Testimonials

Severe oSteoporoSiS had taken a toll on Richard Krueger’s body and life. By age 63, degenerative changes in his cervical spine (neck) resulted in kyphosis, a forward-falling posture of the neck. As a result, he was unable to support his head in its normal position over the shoulders and it came to rest on his chest, a condition called chin-on-chest deformity.

“When your neck can’t hold up your head, it’s like you’re looking on the ground for change all the time,” Krueger says. “I couldn’t have conversations and look people in the eye. I’d have to take my hands to move my head from one position to another because I couldn’t use my neck muscles. It was starting to cause pain in my neck and left arm. And it was humiliating to live like that.

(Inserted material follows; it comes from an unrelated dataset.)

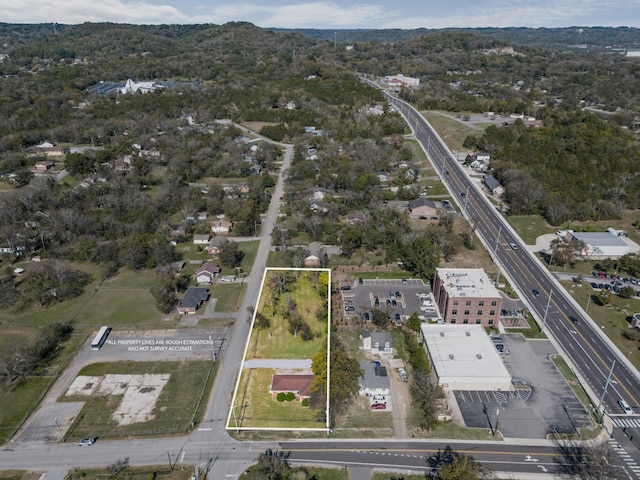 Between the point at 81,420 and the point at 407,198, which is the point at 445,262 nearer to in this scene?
the point at 407,198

“I don’t let a lot of things bother me, but it was getting worse,” he adds. “I was scared this was the way I’d finish my life.”

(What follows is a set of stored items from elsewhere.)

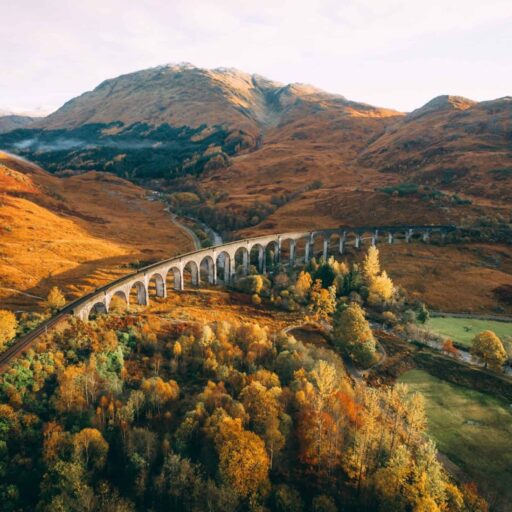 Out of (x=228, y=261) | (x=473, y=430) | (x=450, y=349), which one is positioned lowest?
(x=473, y=430)

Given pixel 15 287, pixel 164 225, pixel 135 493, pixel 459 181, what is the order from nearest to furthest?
pixel 135 493
pixel 15 287
pixel 164 225
pixel 459 181

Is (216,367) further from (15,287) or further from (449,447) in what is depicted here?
(15,287)

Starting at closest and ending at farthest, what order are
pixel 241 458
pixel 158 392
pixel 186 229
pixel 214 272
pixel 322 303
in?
pixel 241 458 < pixel 158 392 < pixel 322 303 < pixel 214 272 < pixel 186 229

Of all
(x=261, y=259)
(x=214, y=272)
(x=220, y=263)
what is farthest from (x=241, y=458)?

Krueger tried for nearly five years to find a solution. More pressing health issues delayed his search, including cardiac bypass surgery, surgery to repair a perforated colon, and surgery to reverse the ostomy that the colon surgery made necessary. He tried physical therapy for his neck. But his condition worsened.

Then he found Shahin Etebar, MD, Board Certified, fellowship-trained Neurosurgeon, who specializes in spinal surgery and serves as Medical Director of Desert Spine and Neurosurgical Institute. He is one of only a handful of neurosurgeons in Southern California who perform spinal osteotomy, the complex type of surgery that Krueger needed.

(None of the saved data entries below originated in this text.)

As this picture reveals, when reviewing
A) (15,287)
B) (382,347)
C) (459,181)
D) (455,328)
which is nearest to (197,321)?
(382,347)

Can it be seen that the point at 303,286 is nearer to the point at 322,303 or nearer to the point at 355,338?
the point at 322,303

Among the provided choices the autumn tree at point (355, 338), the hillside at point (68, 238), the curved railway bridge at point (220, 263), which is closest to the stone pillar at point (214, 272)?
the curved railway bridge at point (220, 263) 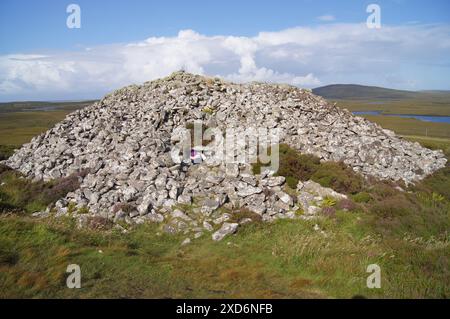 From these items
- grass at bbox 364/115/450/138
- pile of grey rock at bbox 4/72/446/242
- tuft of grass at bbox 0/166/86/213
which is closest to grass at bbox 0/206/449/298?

“Mr. Krueger’s treatment had to be surgical,” Dr. Etebar says. “Mild cases of cervical kyphosis can be helped by physical therapy, but when someone gets to Mr. Krueger’s point, you have to go in and surgically correct his posture.”

Krueger’s surgery was scheduled for November 7, 2013. Three days prior to that, he was admitted to the Intensive Care Unit and put in traction which places a constant, steady pull on the head to slowly help reduce the chin-on-chest deformity.

Surgery itself, a complicated operation done in two stages, took more than eight hours.

“This surgery involves spinal fusion combined with what is called segmental instrumentation,” Dr. Etebar explains. “First, we went in from the front of the spine (anterior), removed four vertebrae to relieve pressure on the spinal cord, and used a bone graft from a cadaver leg to reconstruct it.

In the second stage, we turned the patient over and went in through the back (posterior),” he continues. “We used a titanium rod to hold the spine in proper alignment and prevent the kyphosis from returning.”

“When you look at the X-ray of my neck after surgery, it looks like the Eiffel Tower scaffolding,” Krueger says.

Dr. Etebar remembers when his patient got up and walked the first time after surgery. “He had tears in his eyes,” he recalls. “He said it was the first time in five years he’d seen the end of a hallway.”

But the best outcome for Krueger?

“I’m normal again!” the now-69-year-old says. “Of all the fixes I’ve had in my life, this one is just amazing.” “It makes what I do worthwhile to affect someone’s life in this way,” says Dr. Etebar, “and conditions like this that seem impossible are treatable.”